Local media have said the Paris-based court could impose penalties of up to $18 billion on Pakistan if it loses the case. Those figures are based on contractual daily penalties for not completing the project, plus interest and damages.
“Pakistan and Iran have robust channels of communication, including [on the pipeline notice],” a spokesperson for Pakistan’s Ministry of Foreign Affairs said in a statement on Thursday. “We have always said we would like to resolve all issues through friendly consultations.”
A government official privy to the late August notice told Nikkei that Islamabad was taking it seriously and exploring its options, but added that the $18 billion figure was “pure speculation.”
In 2019, the arbitration court ordered Pakistan to pay an Australian mining company nearly $6 billion over a breach of contract after it yanked the firm’s access to a copper and gold mine. It later agreed to pay $1 billion to the company’s parent as part of a settlement.
The U.S. sanctions are the linchpin of Washington’s broader bid to isolate Iran on the global stage, and the pipeline “has become a casualty of this strategy,” said Ahsan Hamid Durrani, executive director of Islamabad-based Policy Research Center.
Hampered by the sanctions, Iranian traders smuggle up to $1 billion worth natural gas into Pakistan annually, according to a report earlier this year by Pakistani intelligence agencies.
Pakistan would struggle to get a sanctions waiver from Washington that would allow it to finish the pipeline project, Haq said.

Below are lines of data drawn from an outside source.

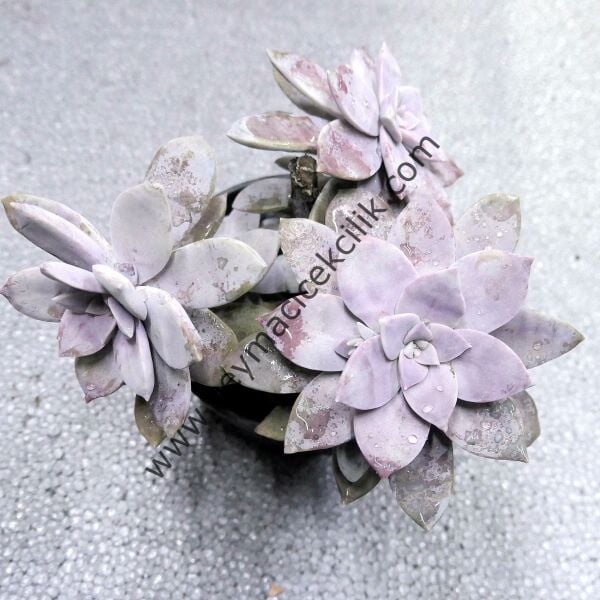 Graptopetalum Superbum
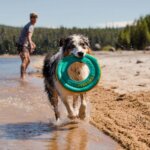 Ruffwear-Hydro-Plane-Legetøj-Aurora-Teal-(2)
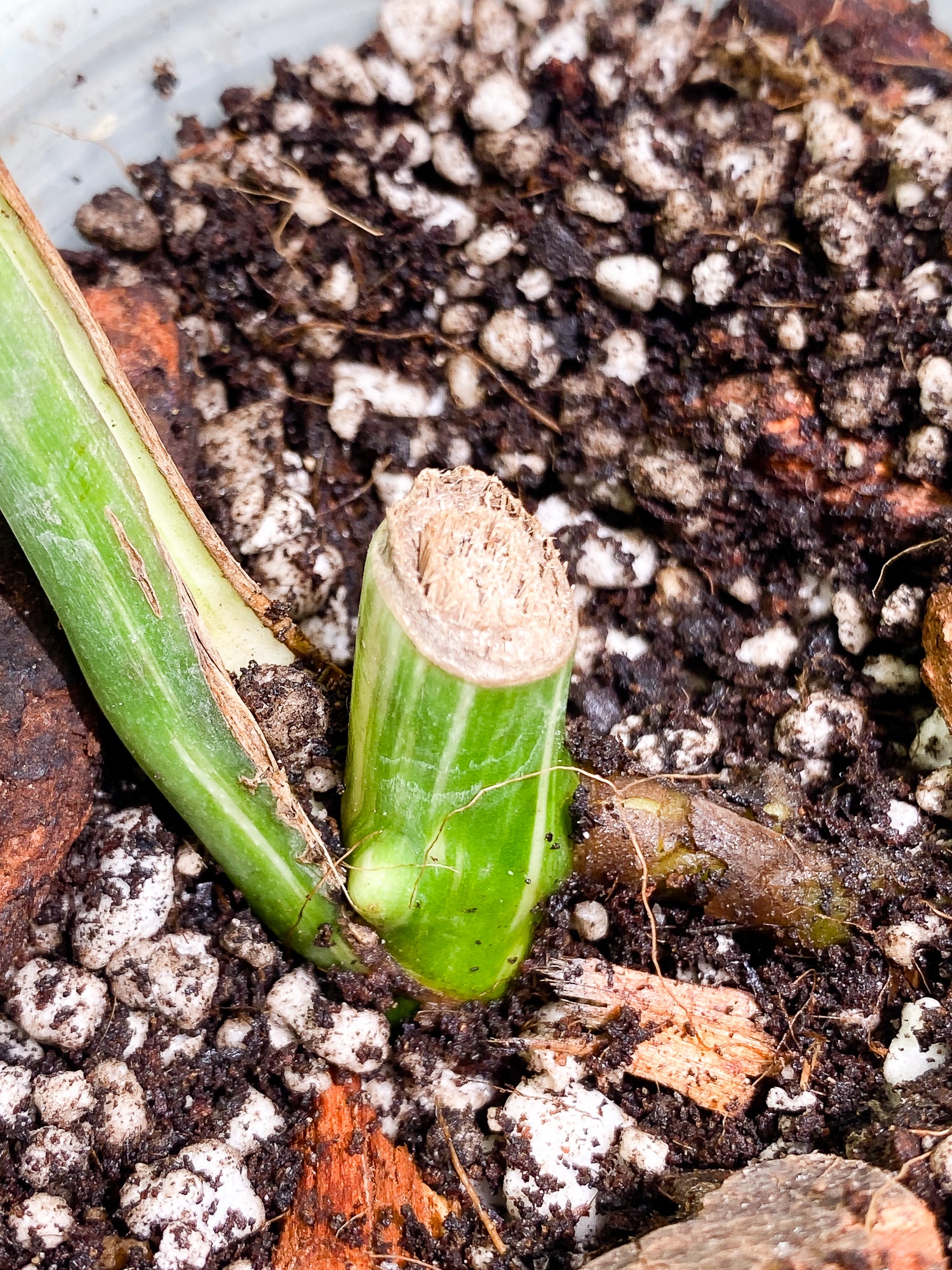 Monstera Albo Variegated 1 leaf with 1 growth point rooted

“Pakistan is economically weak and dependent on the IMF,” he added. “Unlike India, Pakistan cannot get any waiver from America.”
Durrani agreed Islamabad has little room to maneuver, with countries under IMF programs expected to comply with international sanctions.
“Pakistan doesn’t have any leverage with the U.S. to circumvent the current sanctions regime,” he said. “With the IMF loan agreement still in process. Pakistan needs every ounce of support from the U.S. and … cannot jeopardize that by violating the sanctions.”